三年ほど経た勉強会のある日、機会を得たと体感した私は「飾らせてもらってます」と本人に白状する。「やめてよ、そんな失敗作!」最初は憤り、後に照れくさそうに彼は言った。意に介さず「とても素晴らしいです」と返すと、真顔になり「先生には遠く及ばない」と肩を落とす。その姿に、書の、書家の厳しさを感じ、受けた衝撃の体感は暫く離れられなくなる。
森さんの心の眼は常に師を向いていた。「まだ及ばぬ、まだか、まだなのか、もっと、もっと近くに、もっと、もっと」 山のように書いてくる。文字通りの山。自分の目に適わないものは捨てた上で山を積む。ある日、「日にどれくらいですか?」と尋ねると、毎日、朝から晩まで、三百六十日はやっていると答え、「時間はこれ以上どうしようもない。恐らくね、何か秘密があるはずなんだよ」と師の手練手管を探求していた。
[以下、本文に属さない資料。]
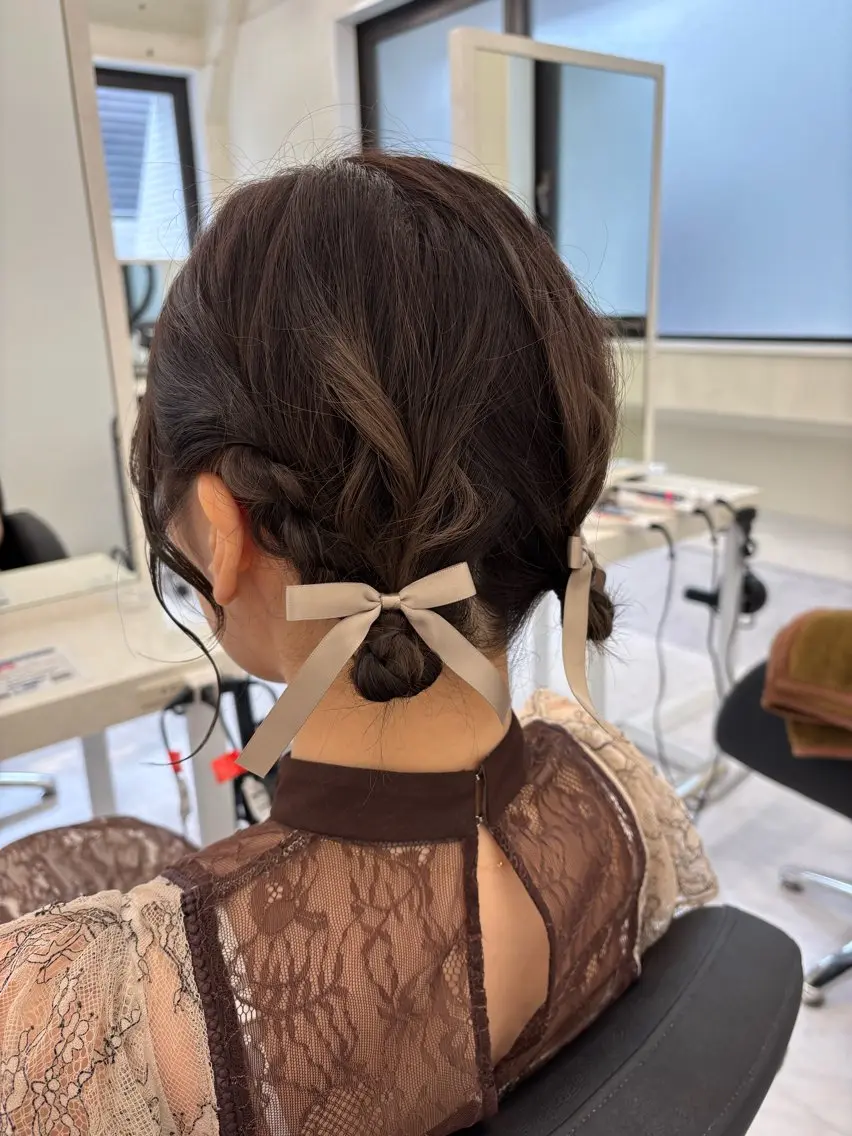 ショート ヘアアレンジ お団子ヘア 結婚式・ブライダル デート ヘアセット Ayano🎀似 合わせ×透明感🎀のヘアスタイル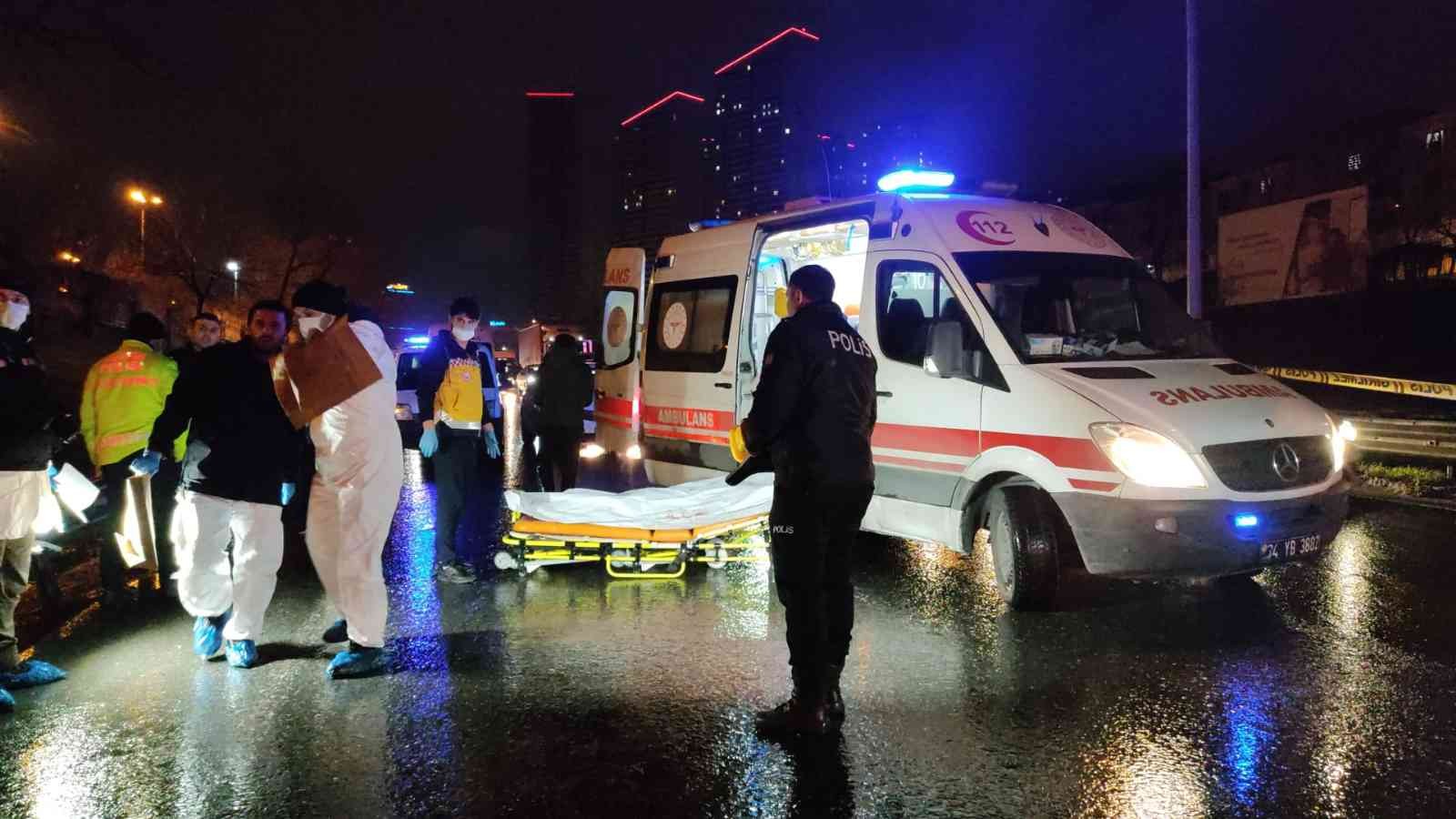 Esenyurt’ta köprüden atlayan erkek şahıs hayatını kaybetti Esenyurt’ta Avcılar-Haramidere bağlantı yolundaki köprüden yola atlayan erkek şahıs hayatını kaybetti. Ölen kişinin cansız bedeni otopsi yapılmak ...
そして研究を通し「紙や筆、道具が増えて仕方が無い」そう言って笑う。
時折見せる鋭さは、正面から真っ向勝負の袈裟斬りを挑み、一太刀浴びせるまでは下がらないといった迫力を伺わせた。寛翠氏を通し、道の厳しさを感じていた自分がいる。森さんのことだ、次なる世界でも筆をとっておられるのだろう。その目線はやっぱり師を向いているに違いない。